每有个星期天这张老师就想着如何能见到那女老师,有时候装作到镇上买东西,沿街溜上一会儿,看能否有个巧合碰到女老师。就这么跑了好几星期天也没有个天作之美,这次他有点灰心丧气,看来是无缘的结局,决定以后再也不这么冒失来徒劳一遭。
他正扫兴而归,可骑到了供销社门口,正巧女老师和一个女子从商店出来,他没有向那边看,只顾低头瞎想。忽听的有一个不太熟悉声音在喊:“张老师!”他回过神来,忙顺着声音望去,哎哟,真是高兴极了。他忙不迭地下了自行车,说:“哎哟,没想到在这儿碰上你了。”
女老师问:“你来干啥了,来采购了?”
他笑着说:“是的,这生活用品,好像不时地就需要买,不是没这了,就是没那了。从来就没有个休息的星期天。”他这是在暗中约她呢。
女老师为了不冷落他就说:“啊,没什么,你骑着走吧,时间不早了。”
“那好我走了。”明里是出于礼貌,暗中是希望的,他又说了一句:“有空到我们学校抖一圈。”
“行。”
“功夫不负有心人”他这趟总算没有白来。他把信息传递给了她,她惹有意也会向他这么做的,反之则无意了。他静待下一个醒期。
张老师仍然去任洁家吃饭,只是没有以前那么对任洁火热了,好像很郑重其事地样子。任洁以为他是受自己的感染稳重起来。这样她反倒挺喜欢,心想:到底这长大了跟过去不一样,挺像个男子汉的,这才是人们所喜欢的男人呢。

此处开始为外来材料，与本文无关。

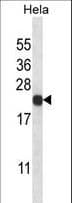 Polyclonal Rabbit anti-Human PSMB5 Antibody (aa235-263, IHC, WB)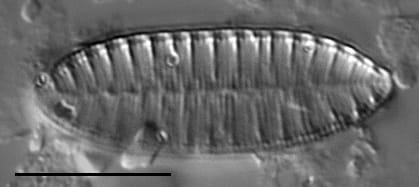 Surirella angusta LM2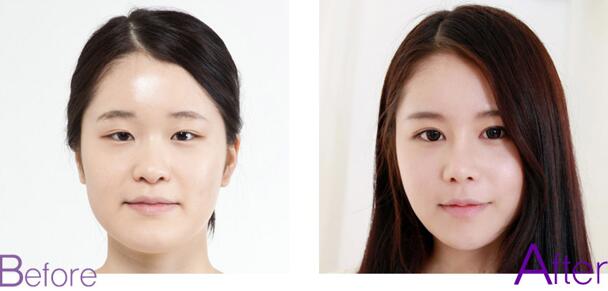 昆明做雙眼皮術(shù)后恢復(fù)快一定會變內(nèi)雙嗎？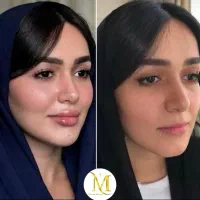 ژل640 بوتاکس690 فول فیس4500 افر %80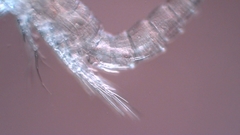 Canthocamptus staphylinus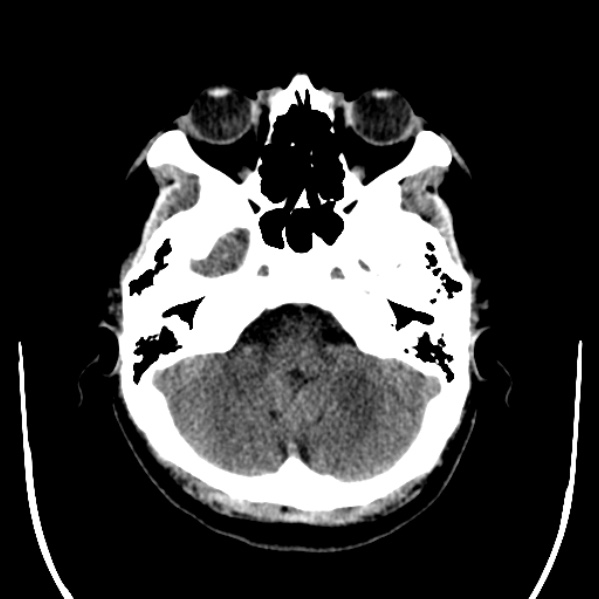 Calvarial osteoma (Radiopaedia 36520-38079 Axial non-contrast 12).jpg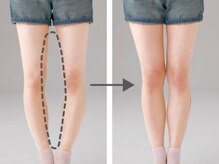 バランス鍼灸整骨院/O脚矯正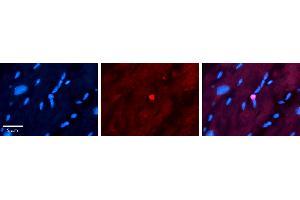 Rabbit Anti-APTX Antibody   Formalin Fixed Paraffin Embedded Tissue: Human heart Tissue Observed Staining: Nucleus Primary Antibody Concentration: 1:100 Other Working Concentrations: N/A Secondary Antibody: Donkey anti-Rabbit-Cy3 Secondary Antibody Concentration: 1:200 Magnification: 20X Exposure Time: 0. (Aprataxin antibody  (N-Term))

他俩个人的笑脸少了,本分的模样占据了大部分时间。张老师多么希望下一周来的快些,可这想象归想象,这几天他是度日如年,他似乎急烦了,对于孩子们的吵闹,他简直忘记自己是个老师。神头鬼脸地喝斥着学生们,就像大哥哥镇压弟妹们一样。学生们对老师的反常情绪大惚不解,都回家向父母亲反应,“这两天张老师也不知道怎了,尽拿我们出气。”、“张老师每天是个黑头脸,吓得我们笑都不敢笑。”、“张老师说话声音很重,好像谁该他多少钱似地”……有的家长认为“那是为了不让你们淘气。”、“那是怕给你们三分颜色让你们开了染房。”、“那是张老师听完课后学回来的做法。”……
总算是到了周日。今天他仍然早早地起来了,收拾完了自己和屋子就坐在炉子旁边等候天亮。冬天天短夜长给了他又一种烦恼,七点了天还不亮,他急得坐卧不安。特别地,这昏暗的煤油灯光,照个镜子都困难。里面总是模糊不清的,究竟这装束如意与否也不能清楚地看到。他总想喊一声,天呀,天呀,快点亮吧,又觉得有点可笑,最后,编着个曲子把文字套进去。后来就糊糊涂涂地哼开了,大概是编不出什么词了。他丝毫也没敢因为坐累了去上床躺一下展展腰,生怕把那整理好的头型给压扁了,弄干净的深蓝色套装弄出褶子或沾上白毛毛,宁可这么累着。
外边,天上的星星逐渐减少,大地上的颜色慢慢变白。人们家的公鸡也察觉到天气要放亮,喊出了它那尖尖的一嗓子。张老师听到金鸡报晓,一股热流涌上心头,这是紧张的神经痉挛造成的。他兴奋极了,马上就能上路了。女老师能否与己交往就决定今天了,她如果想和我有一见就能把我说的话当回事。他心里暗自祈祷着:上帝保佑保佑我吧!
外边公鸡们是像传口号一样,一个鸣完一个鸣。一个寂静的世界被它们搅豁的不得安宁。张老师再也坐不住了,起身拎兜准备上路。